Allison rotated one of the chocolate bars around to her. ‘Indulgence – Approved for Apartments.’
Allison looked around and the bar was a little more filled, people were smoking, but now they saw Sue was ready to serve, and not be dealing with three new customers, one or two were standing to approach the bar for drinks.
“Why was it so quiet? It’s a Saturday night. Isn’t that the busiest time for bars? Do older people smoke and drink later at night?” Allison said.
“Oh! You’ll like this!” Angie said.
Jenny laughed and shook her head. “Don’t tell her, let me... I think this is what’s keeping people occupied.” Jenny pulled her conn out of her pocket. She showed it to the three of them and there was what appeared to be a movie on it, but it was short, and it repeated when you clicked on it. None of them had seen that on a conn, ever. Allison, especially, hadn’t seen what it was showing.
It featured a few clips — probably from security cameras — of women getting piggyback rides from men, their arms wrapped around the man’s neck, their unworn shoes held by their hands, dangling against the man’s chest.
Every few seconds a man, with a woman on his back, would hop, and dart ahead.
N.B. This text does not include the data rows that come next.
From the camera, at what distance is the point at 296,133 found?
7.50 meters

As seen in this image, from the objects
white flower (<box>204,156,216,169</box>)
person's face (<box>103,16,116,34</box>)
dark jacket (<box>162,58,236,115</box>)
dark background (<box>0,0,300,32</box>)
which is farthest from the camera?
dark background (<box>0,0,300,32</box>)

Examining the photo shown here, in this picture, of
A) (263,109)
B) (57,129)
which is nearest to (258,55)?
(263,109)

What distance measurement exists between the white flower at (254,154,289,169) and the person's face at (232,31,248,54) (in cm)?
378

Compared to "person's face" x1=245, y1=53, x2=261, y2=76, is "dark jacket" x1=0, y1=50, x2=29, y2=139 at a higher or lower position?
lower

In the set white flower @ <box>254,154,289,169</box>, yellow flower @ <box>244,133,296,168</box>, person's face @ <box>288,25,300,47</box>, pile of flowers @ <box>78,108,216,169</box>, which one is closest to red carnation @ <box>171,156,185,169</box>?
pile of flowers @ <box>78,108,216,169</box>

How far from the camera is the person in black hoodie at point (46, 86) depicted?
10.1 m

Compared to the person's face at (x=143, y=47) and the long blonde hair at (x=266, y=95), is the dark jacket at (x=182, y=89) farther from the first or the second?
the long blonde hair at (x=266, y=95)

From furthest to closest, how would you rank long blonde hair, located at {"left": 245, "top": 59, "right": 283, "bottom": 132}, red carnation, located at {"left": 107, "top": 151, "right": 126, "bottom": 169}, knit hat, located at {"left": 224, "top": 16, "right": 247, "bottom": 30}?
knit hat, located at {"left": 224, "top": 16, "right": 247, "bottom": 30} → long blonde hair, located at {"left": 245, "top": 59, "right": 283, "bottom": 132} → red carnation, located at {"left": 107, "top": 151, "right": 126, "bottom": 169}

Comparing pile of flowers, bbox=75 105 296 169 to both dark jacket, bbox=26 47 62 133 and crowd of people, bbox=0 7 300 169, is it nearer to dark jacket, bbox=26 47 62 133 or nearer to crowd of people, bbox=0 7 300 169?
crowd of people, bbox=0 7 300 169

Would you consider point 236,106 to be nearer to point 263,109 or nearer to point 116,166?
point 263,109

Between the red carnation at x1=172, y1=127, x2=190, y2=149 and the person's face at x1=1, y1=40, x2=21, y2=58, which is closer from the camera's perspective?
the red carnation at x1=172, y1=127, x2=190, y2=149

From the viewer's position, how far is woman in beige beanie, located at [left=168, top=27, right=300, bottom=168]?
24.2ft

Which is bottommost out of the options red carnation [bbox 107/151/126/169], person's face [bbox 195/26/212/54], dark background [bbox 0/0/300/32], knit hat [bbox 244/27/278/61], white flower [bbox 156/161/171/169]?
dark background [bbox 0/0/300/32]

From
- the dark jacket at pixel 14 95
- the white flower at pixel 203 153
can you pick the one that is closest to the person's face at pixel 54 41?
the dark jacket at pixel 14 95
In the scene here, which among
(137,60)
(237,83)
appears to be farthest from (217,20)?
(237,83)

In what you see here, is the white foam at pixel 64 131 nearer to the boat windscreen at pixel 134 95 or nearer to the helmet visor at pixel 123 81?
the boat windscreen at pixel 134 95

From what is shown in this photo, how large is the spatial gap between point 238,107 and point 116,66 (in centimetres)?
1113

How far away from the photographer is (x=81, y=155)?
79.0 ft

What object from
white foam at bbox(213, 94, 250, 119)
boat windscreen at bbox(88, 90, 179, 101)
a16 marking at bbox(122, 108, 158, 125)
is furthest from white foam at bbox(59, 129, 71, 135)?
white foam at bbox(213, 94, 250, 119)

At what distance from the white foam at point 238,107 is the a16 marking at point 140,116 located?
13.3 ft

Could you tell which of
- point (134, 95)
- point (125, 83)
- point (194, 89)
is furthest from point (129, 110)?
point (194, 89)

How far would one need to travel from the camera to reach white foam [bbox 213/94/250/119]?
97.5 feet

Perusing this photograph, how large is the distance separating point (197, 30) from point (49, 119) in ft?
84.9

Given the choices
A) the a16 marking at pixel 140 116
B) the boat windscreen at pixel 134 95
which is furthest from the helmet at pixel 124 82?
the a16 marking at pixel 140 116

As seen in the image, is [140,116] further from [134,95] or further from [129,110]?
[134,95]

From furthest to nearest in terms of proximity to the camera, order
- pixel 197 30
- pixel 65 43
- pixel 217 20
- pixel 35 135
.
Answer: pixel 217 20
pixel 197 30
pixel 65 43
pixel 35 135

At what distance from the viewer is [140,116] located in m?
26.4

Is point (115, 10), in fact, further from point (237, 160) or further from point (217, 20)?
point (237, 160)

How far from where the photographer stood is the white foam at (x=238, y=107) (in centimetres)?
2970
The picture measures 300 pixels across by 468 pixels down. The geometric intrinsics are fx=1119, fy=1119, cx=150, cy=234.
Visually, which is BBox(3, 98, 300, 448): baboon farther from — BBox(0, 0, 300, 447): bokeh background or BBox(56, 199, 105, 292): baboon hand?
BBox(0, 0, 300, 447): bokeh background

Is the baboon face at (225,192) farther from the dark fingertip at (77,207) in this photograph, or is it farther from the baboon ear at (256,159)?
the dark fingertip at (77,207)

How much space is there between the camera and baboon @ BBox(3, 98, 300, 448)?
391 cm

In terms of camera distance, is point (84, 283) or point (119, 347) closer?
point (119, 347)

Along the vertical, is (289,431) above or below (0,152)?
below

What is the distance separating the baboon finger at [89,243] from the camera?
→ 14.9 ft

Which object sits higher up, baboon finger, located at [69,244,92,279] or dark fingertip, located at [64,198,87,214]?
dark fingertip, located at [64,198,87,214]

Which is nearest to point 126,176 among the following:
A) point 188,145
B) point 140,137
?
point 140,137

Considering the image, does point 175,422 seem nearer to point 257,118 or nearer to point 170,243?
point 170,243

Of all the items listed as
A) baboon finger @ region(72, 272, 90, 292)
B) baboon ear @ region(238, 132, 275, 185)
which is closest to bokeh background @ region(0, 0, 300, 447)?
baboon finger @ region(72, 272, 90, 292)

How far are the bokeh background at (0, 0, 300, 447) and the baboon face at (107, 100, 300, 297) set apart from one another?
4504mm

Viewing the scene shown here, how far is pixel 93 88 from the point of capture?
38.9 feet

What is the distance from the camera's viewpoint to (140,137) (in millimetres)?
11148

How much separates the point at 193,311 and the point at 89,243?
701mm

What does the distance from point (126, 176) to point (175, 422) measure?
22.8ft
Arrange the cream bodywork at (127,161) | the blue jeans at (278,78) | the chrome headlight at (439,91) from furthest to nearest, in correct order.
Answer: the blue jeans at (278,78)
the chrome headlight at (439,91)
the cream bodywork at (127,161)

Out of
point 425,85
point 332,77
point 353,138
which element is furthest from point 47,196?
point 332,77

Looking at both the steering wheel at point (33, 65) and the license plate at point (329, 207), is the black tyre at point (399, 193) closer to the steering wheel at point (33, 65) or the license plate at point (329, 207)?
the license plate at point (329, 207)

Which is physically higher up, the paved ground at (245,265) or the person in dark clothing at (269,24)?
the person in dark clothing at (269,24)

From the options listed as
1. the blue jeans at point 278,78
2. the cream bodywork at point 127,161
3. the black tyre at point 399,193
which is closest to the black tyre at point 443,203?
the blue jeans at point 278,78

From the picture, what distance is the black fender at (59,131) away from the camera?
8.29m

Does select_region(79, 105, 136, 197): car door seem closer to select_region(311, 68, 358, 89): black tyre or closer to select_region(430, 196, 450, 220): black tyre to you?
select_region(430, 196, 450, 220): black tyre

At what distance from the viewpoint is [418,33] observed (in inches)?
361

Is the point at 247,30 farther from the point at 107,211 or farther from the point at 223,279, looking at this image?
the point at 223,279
A few were even twirling. They all looked like they were having the best of fun. There were people, of all ages, standing outside bars, with drinks, smiling, and occasionally cheering as they watched.
“That’s your doing,” Angie said to Allison.
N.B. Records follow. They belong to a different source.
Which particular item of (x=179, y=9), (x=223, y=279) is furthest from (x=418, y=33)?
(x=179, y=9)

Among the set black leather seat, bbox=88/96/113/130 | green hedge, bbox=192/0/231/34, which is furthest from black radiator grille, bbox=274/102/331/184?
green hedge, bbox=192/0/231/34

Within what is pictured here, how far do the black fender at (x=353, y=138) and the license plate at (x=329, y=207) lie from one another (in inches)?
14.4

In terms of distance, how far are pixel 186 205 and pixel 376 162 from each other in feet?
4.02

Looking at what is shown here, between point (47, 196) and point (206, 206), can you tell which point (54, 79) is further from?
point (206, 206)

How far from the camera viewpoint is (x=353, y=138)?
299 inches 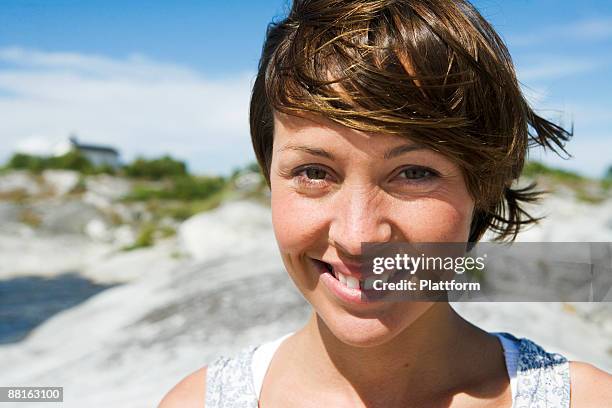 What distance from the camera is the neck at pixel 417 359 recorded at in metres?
1.80

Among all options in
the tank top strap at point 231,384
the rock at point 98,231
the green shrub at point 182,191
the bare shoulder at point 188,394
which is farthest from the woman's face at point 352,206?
the green shrub at point 182,191

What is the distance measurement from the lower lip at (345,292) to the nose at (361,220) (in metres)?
0.12

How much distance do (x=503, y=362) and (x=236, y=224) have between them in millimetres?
16009

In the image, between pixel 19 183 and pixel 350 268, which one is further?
pixel 19 183

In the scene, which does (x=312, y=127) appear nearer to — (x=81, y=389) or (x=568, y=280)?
(x=568, y=280)

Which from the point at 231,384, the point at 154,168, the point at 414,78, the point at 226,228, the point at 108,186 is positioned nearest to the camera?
the point at 414,78

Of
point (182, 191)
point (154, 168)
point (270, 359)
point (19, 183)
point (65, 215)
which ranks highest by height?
point (154, 168)

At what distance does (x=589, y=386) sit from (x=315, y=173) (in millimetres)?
1004

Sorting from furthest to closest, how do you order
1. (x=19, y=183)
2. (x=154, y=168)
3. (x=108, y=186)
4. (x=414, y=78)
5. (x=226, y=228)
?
1. (x=154, y=168)
2. (x=108, y=186)
3. (x=19, y=183)
4. (x=226, y=228)
5. (x=414, y=78)

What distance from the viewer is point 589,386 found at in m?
1.70

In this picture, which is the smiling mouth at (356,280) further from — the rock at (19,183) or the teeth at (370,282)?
the rock at (19,183)

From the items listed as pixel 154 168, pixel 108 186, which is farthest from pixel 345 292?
pixel 154 168

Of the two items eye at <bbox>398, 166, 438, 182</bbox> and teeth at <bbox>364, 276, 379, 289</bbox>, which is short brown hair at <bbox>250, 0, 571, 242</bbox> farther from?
teeth at <bbox>364, 276, 379, 289</bbox>

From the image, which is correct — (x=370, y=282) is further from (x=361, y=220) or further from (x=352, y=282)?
(x=361, y=220) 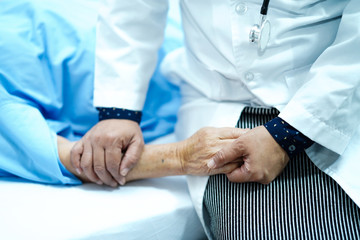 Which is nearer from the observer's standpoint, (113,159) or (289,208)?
(289,208)

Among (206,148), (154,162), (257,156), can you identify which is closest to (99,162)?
(154,162)

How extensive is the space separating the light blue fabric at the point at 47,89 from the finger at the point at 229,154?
1.09 feet

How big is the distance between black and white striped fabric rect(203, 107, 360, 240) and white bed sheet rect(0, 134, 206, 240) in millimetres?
99

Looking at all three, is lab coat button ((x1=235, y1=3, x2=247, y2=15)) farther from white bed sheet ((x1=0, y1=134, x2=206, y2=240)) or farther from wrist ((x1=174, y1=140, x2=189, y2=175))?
white bed sheet ((x1=0, y1=134, x2=206, y2=240))

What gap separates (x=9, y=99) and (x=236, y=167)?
54cm

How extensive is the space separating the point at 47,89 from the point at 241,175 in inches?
21.1

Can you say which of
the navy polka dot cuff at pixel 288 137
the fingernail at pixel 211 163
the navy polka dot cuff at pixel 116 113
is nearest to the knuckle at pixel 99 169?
the navy polka dot cuff at pixel 116 113

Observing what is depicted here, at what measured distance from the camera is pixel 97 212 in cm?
72

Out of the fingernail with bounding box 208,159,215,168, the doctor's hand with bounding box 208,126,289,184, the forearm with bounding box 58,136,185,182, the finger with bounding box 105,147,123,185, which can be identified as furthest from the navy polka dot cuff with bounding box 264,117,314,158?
the finger with bounding box 105,147,123,185

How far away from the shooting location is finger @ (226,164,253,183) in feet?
2.24

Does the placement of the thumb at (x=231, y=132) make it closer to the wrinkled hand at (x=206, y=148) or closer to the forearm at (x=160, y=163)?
the wrinkled hand at (x=206, y=148)

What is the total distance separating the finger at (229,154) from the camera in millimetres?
690

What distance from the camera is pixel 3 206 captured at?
69 cm

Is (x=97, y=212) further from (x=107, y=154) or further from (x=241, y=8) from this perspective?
(x=241, y=8) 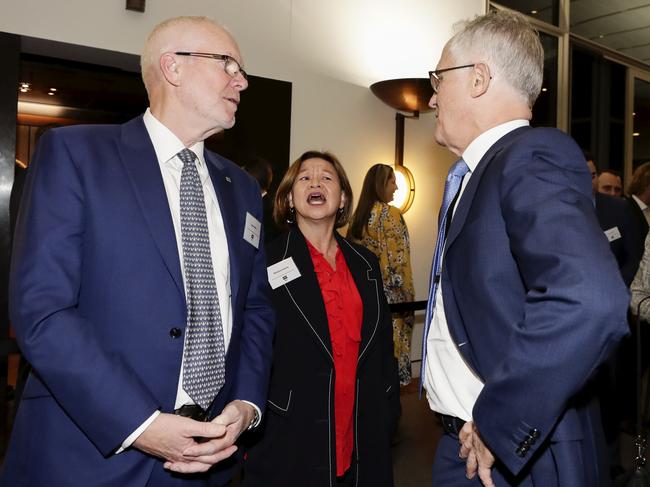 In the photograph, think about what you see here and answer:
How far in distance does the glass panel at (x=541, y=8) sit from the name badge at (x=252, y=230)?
6029 mm

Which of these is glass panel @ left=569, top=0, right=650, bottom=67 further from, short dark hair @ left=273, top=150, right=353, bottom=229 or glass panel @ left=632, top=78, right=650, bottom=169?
short dark hair @ left=273, top=150, right=353, bottom=229

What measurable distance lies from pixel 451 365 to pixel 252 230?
74 centimetres

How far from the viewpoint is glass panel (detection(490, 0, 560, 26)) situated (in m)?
6.74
“Biggest trend the station has seen in a while,” Jenny said, smiling. “Next weekend the doctors and carers will be working overtime with the injuries. If they're not already busy tomorrow with back strains. The age of some of those people! Lots of days off work, unwell...” Jenny laughed.
Allison groaned and said, “It was all Robert.”
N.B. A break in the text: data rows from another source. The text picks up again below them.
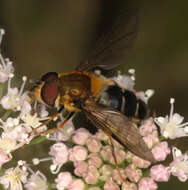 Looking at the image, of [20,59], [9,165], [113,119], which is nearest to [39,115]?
[9,165]

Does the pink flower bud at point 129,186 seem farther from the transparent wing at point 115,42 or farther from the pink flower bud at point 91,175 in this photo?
the transparent wing at point 115,42

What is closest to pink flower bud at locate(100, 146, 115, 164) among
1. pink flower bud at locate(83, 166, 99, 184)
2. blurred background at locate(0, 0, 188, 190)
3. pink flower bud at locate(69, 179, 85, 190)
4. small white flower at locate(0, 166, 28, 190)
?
pink flower bud at locate(83, 166, 99, 184)

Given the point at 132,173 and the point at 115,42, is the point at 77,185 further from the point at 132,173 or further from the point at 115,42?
the point at 115,42

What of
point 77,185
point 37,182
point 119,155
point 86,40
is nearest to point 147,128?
point 119,155

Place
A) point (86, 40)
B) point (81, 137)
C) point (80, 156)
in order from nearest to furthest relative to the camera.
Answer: point (80, 156) → point (81, 137) → point (86, 40)

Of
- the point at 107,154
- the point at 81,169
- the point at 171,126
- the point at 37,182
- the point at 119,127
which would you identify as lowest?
the point at 37,182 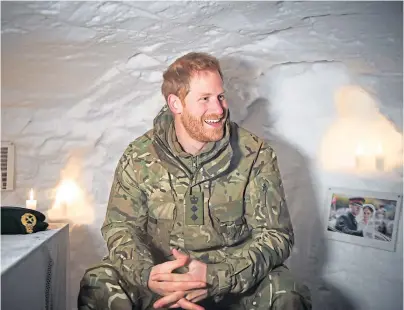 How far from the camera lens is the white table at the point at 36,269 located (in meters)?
1.03

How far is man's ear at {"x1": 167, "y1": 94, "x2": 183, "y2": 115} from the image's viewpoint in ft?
4.54

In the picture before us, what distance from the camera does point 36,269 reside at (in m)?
1.21

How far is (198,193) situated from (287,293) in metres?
0.36

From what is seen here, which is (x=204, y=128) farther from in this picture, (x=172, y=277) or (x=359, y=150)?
(x=359, y=150)

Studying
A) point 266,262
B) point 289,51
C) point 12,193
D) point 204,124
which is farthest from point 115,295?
point 289,51

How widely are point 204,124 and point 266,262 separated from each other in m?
0.40

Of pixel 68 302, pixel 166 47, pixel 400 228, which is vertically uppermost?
pixel 166 47

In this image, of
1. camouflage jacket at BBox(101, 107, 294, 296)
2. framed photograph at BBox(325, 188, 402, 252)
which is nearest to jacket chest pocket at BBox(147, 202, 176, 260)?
camouflage jacket at BBox(101, 107, 294, 296)

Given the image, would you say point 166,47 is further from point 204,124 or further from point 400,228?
point 400,228

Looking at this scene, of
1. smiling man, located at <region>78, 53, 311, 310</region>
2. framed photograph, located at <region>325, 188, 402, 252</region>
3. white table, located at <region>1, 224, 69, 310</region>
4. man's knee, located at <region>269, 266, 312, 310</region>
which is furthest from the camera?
framed photograph, located at <region>325, 188, 402, 252</region>

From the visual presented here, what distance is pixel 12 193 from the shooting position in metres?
1.59

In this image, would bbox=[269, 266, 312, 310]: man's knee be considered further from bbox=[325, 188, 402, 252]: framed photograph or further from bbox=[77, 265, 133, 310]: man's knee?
bbox=[325, 188, 402, 252]: framed photograph

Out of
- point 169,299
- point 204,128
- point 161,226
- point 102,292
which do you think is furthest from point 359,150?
point 102,292

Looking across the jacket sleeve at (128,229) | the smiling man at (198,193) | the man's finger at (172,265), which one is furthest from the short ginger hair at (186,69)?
the man's finger at (172,265) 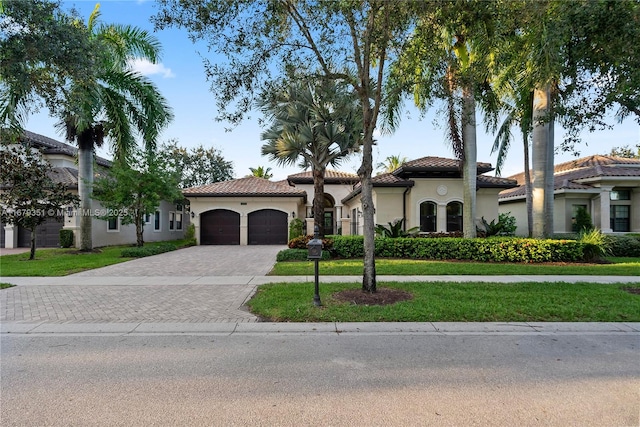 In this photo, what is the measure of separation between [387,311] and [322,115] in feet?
31.2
“That’s a point!” Angie said, with glee. “What do you think of Robert? Did you tell me what you two got up to in that room? Probably not considering I’d remember if you did, I hope. Today has been weird. Come on, tell all!”
Then they all talked, and chatted, and drank beers. Adam even seemed more easy-going. When the platters were gone they were ready to leave, accepting it had been a long, long day. Jenny said she’d store Allison’s beers in the bar, and told Allison she had eight left to drink; this despite Des’s instructions one of the six packs was for Jenny. Jenny only wanted two beers. The rest waited for Allison, with her name on them.
On the way to Allison’s apartment, while Angie insisted that Doctor Grace’s instructions to watch Allison for the next day or two meant both of them sleeping in the double bed in Allison's spare room — a double bed a rare privilege usually for older women actively seeking pregnancy — Adam gave Angie her first piggyback ride. Then Allison agreed that Angie, having a steed, was a powerful knight and she couldn’t argue with the logic that she needed to be watched overnight by a respected and knowledgable noble.
Which was the end of everything, with everyone quickly tucked into bed. Adam asleep within seconds of arriving back to his own apartment.
Except Allison kept waking during the night, or at least coming half awake, pain growing. Her moans and groans eventually rousing Angie, early in the morning.
Moans and groans, and turning, and sweating that had Angie extremely worried.